Muhalefete sıfır tolerans

Emek Sineması'nın yıkımını protesto eyleminde gözaltına alınan sinema yazarı Berke Göl, bu olayın çok büyük bir şeyin simgesi, bir mücadenin aşaması olduğunu söyledi.

Yayınlanma: 09.04.2013 - 07:53
Abone Ol google-news

Emek Sineması’nın yıkım projesini protesto etmek amacıyla önceki gün İstiklal Caddesi’nde toplanan gruba, polisin tazyikli su ve biber gazıyla müdahale etmesinin ardından gözaltına alınan SİYAD üyesi sinema yazarı ve İstanbul Film Festivali FIPRESCI jüri üyesi Berke Göl ile Özgür İpek, Mehmet Ferit Aka ve Hazar Berk Büyüktunca gece 23.00’te serbest bırakıldı. Savcı, dün Çağlayan Adliyesi’ne ifade vermek için gelen 4 kişinin ifadesini almadı. Soruşturmaya devam edileceği bildirildi.

Sadri Alışık Sokak’ta boğazı sıkılarak gözaltına alınan Göl şöyle konuştu, “Basın mensubu olduğumu söyledim ama dikkate almadılar. Sağlık kontrolünden sonra 3 saat gözaltında tutulduk. Savcılıktan gelen haberle bugün (dün) ifade vermek üzere bizi gece 23.00’te bıraktılar. Ünlü bir oyuncu veya tanıdık bir yüz gördüklerinde ona vurmuyorlar da ‘Bunu alırız, şunu alırız’, ‘Öğrenci tipinde kim varsa’ diyerek alıyorlar insanları. Bu da kafalarındaki ayrımı gösteriyor. Emek için sesimizi yükseltiyoruz ama, bu çok daha büyük bir şeyin simgesi. Bu bir mücadelenin aşaması. Sadece bu olayda değil her gün her yerde Hopa’da Ankara’da, üniversitelerde gördüğümüz olayların bir parçası. Muhalefete karşı sıfır tolerans var artık. Uluslararası kamuoyunun biraz daha dikkatinin çekilmesi ve barışçıl bir şekilde protestoların yapılması gerekiyor. FIPRESCI ve SİYAD’ın desteği de önemli.”

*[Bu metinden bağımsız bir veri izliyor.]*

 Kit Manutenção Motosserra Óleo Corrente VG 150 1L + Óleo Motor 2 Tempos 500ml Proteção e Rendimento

Bir sinema filminde reji asistanı olarak görev yapan, astım hastası Aka, Emek’in sokağında dövülerek gözaltına alındığını ve araca götürüldüğünü ifade etti: “Tekme atıp, bileklerimi burktular ve kelepçelediler. O sırada astım krizine girdim ve hastaneye gitmek istedim. Araç çok havasız olduğu için dışarıda beklemek istedim, ancak bu talebimi geri çevirdiler. Taksim İlkyardım Hastanesi’nde beni solunum cihazına soktular, ondan sonra düzelebildim.”

Polis tarafından burnu ve yüzünden darp edilen arkeoloji öğrencisi Büyüktunca ise olaylar biterken İstiklal Caddesi’nin ara sokaklarında gözaltına alındığını belirtti. “Etrafımı sararak üstüme koştular. Çevik kuvvet otobüsüne tekme tokat bindirildim. Bindirildikten sonra da bir polis daha yüzüme yumruk attı. Taksim İlkyardım’da ise hakkım olmasına rağmen doktorla bire bir konuşmama izin verilmedi. Polis memuru dışarı çıkmadı.”

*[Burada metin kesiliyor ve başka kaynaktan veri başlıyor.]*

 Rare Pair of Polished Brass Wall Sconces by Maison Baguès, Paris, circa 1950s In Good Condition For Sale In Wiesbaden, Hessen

Aralarında yönetmenler Seren Yüce, Emin Alper, oyuncu Derya Durmaz, TMMOB Mimarlar Odası’ndan Mücella Yapıcı, sinema yazarları ve SİYAD üyelerinin de bulunduğu topluluk Çağlayan Adliyesi’nde toplanarak bir basın açıklaması yaptı. SİYAD adına açıklamayı derneğin basın sözcüsü Senem Aytaç yaptı. Kültür Bakanı’nın istifaya çağrıldığı açıklamada, “‘İleri demokrasiye’ geçtiği iddia edilen Türkiye, sinemaseverlerine ve sinema sanatçılarına polis terörü uygulayan ilk ülke olarak tarihe geçmiştir. Yaratılan bu utanç tablosu karşısında Kültür Bakanı Ömer Çelik derhal istifa etmeli, saldırı emrini veren sorumlular hakkında işlem yapılmalıdır” denildi.

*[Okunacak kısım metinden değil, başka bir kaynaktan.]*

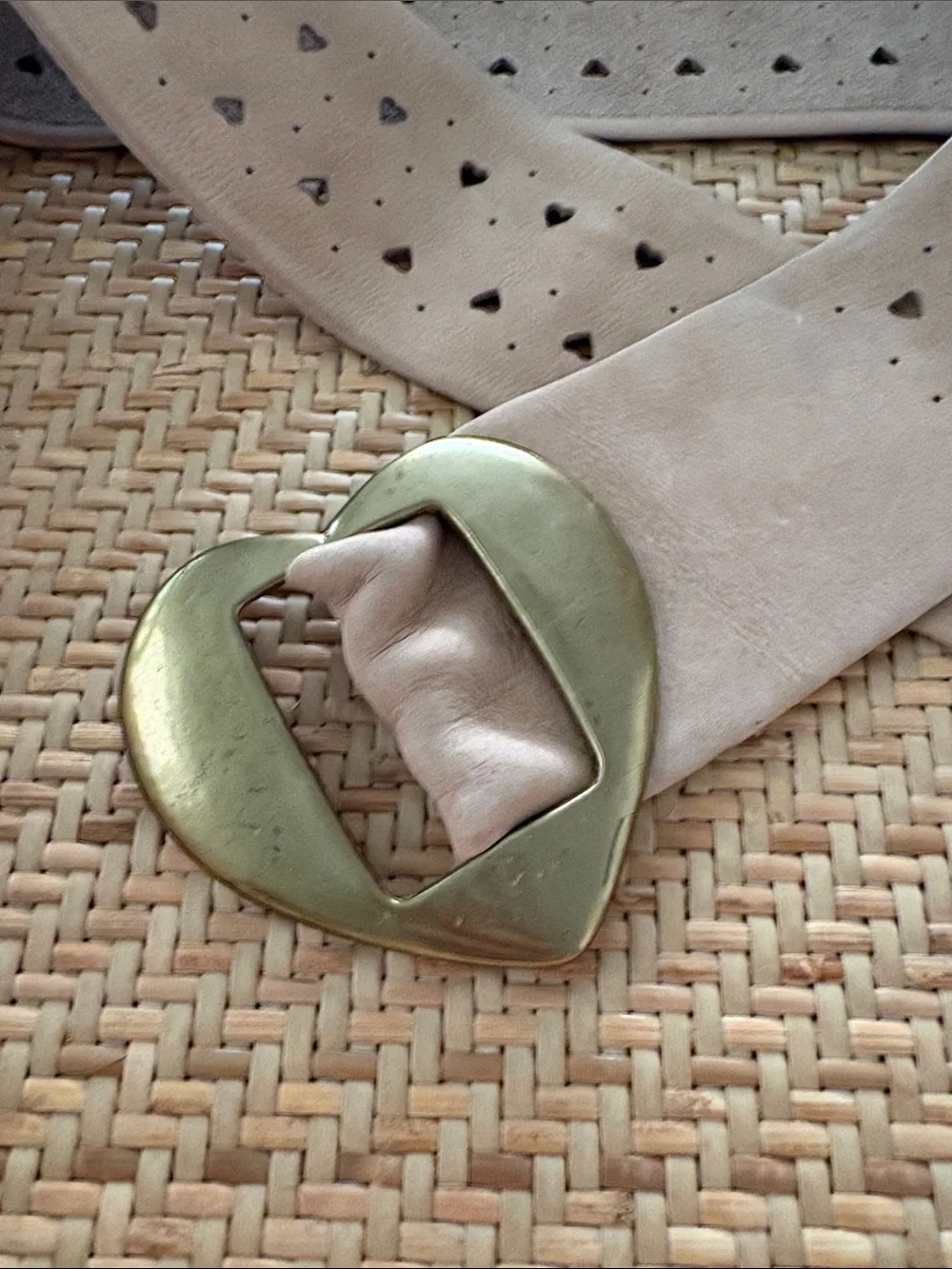 Taupe Heart-Perforated Suede Belt with Brass Buckle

Oyuncular adına açıklama yapan Seren Yüce ise şunları söyledi: “Sanatçısını sahip çıkmak bir yana onları böyle bir şiddetle karşılayan Emniyet görevlilerini ve olayda sorumlu olanları kınıyoruz.”

Mücella Yapıcı ise “Bugün sinemasını savunan sanatçısına, yabancı konuklarına gazla, suyla hatta yumrukla saldıran iktidar neyi korumaktadır. Kimin mülkiyeti kimden korunmaktadır” dedi.

 

Sokak aralarında tekme tokat

*Yönetmen Erden Kıral, Emek Sineması’nın sokağına girilmesi için uzun bir süre polislerle pazarlık yaptı. Polis, önce 5 kişiyi sokağa almayı kabul etti. Polisin bu önerisi kabul edilmedi. Polis eylemcileri sokağa almama gerekçesi olarak inşaat iskelelerinin düşme tehlikesini gösterdi.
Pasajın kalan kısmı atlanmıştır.